▶ [Records provided]:
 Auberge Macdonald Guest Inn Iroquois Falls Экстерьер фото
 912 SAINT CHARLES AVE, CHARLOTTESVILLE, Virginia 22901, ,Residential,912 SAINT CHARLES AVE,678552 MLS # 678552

---

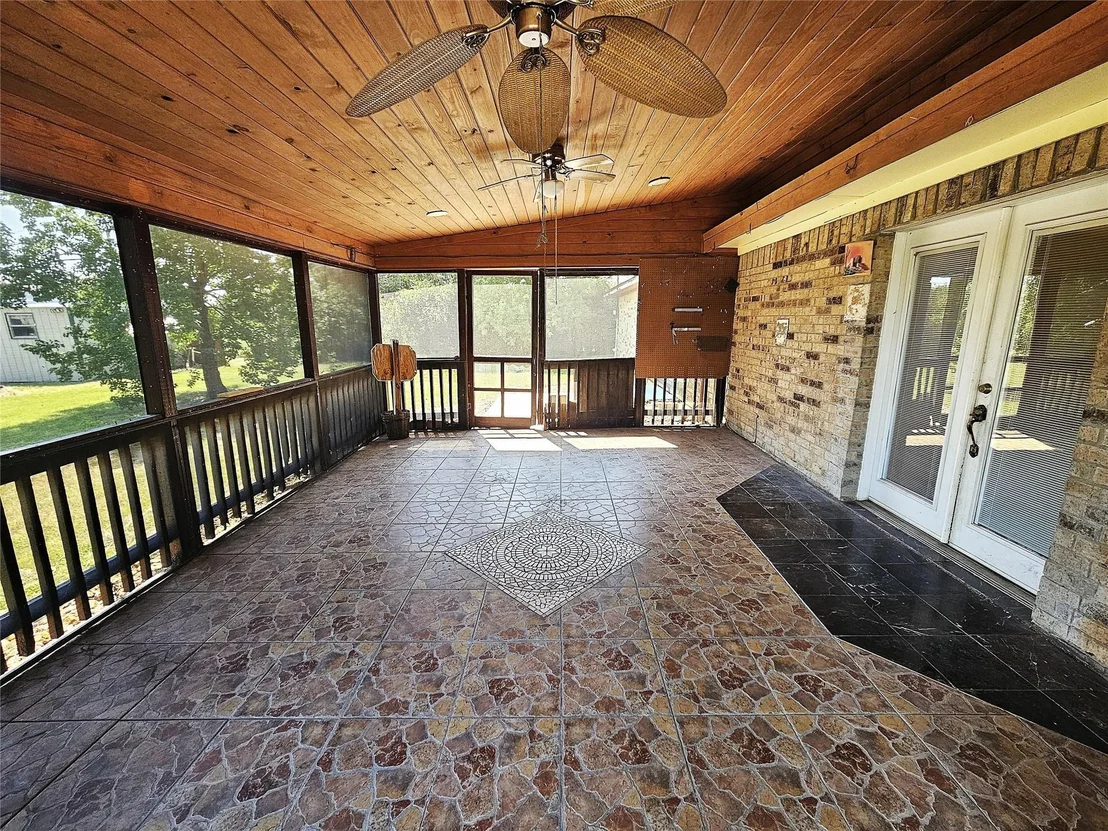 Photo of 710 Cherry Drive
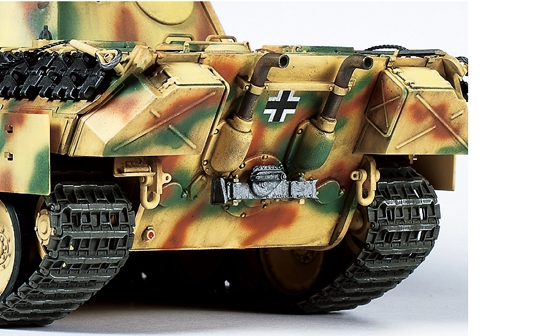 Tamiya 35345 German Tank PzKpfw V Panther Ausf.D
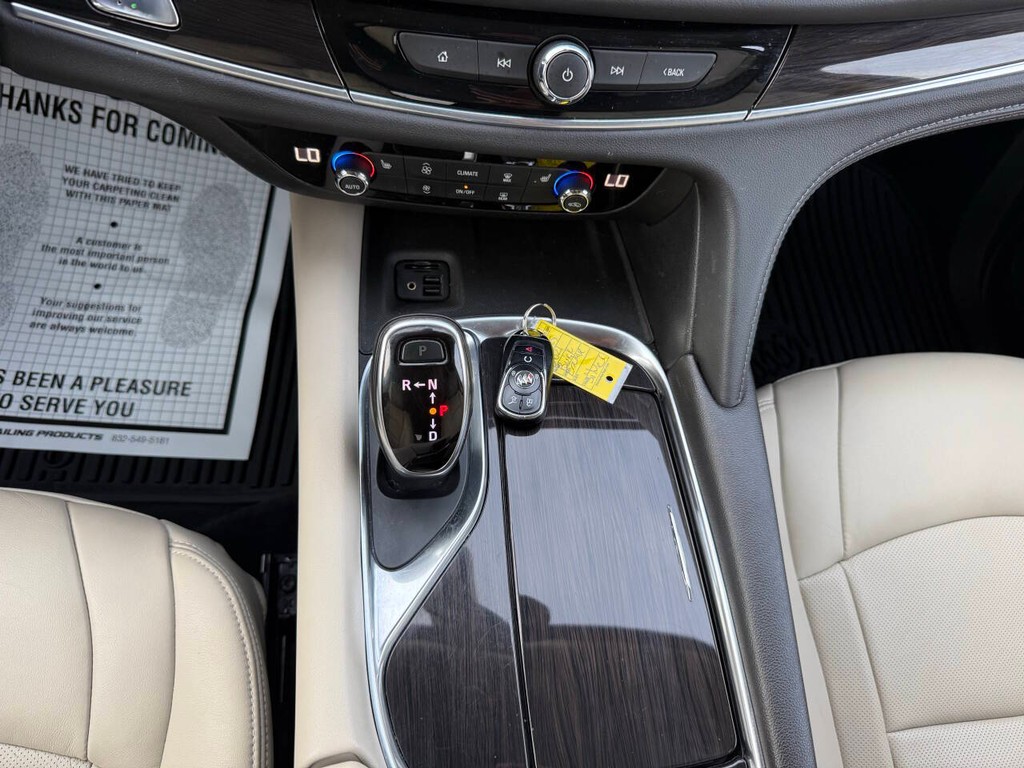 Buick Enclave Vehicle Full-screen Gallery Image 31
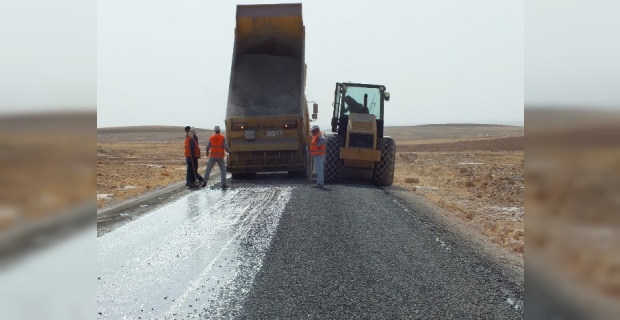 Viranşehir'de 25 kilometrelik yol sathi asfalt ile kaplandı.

---

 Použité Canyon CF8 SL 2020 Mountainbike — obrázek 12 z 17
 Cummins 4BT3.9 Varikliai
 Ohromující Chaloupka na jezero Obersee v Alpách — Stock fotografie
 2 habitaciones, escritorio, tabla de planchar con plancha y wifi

▶ [Aim of the exercise]: Reproduce exactly the lines of the records above from the one with "Použité Canyon CF8" to the one with "2 habitaciones, escritorio, tabla", both included, and leave out everything else.

▶ [Exercise response]:
 Použité Canyon CF8 SL 2020 Mountainbike — obrázek 12 z 17
 Cummins 4BT3.9 Varikliai
 Ohromující Chaloupka na jezero Obersee v Alpách — Stock fotografie
 2 habitaciones, escritorio, tabla de planchar con plancha y wifi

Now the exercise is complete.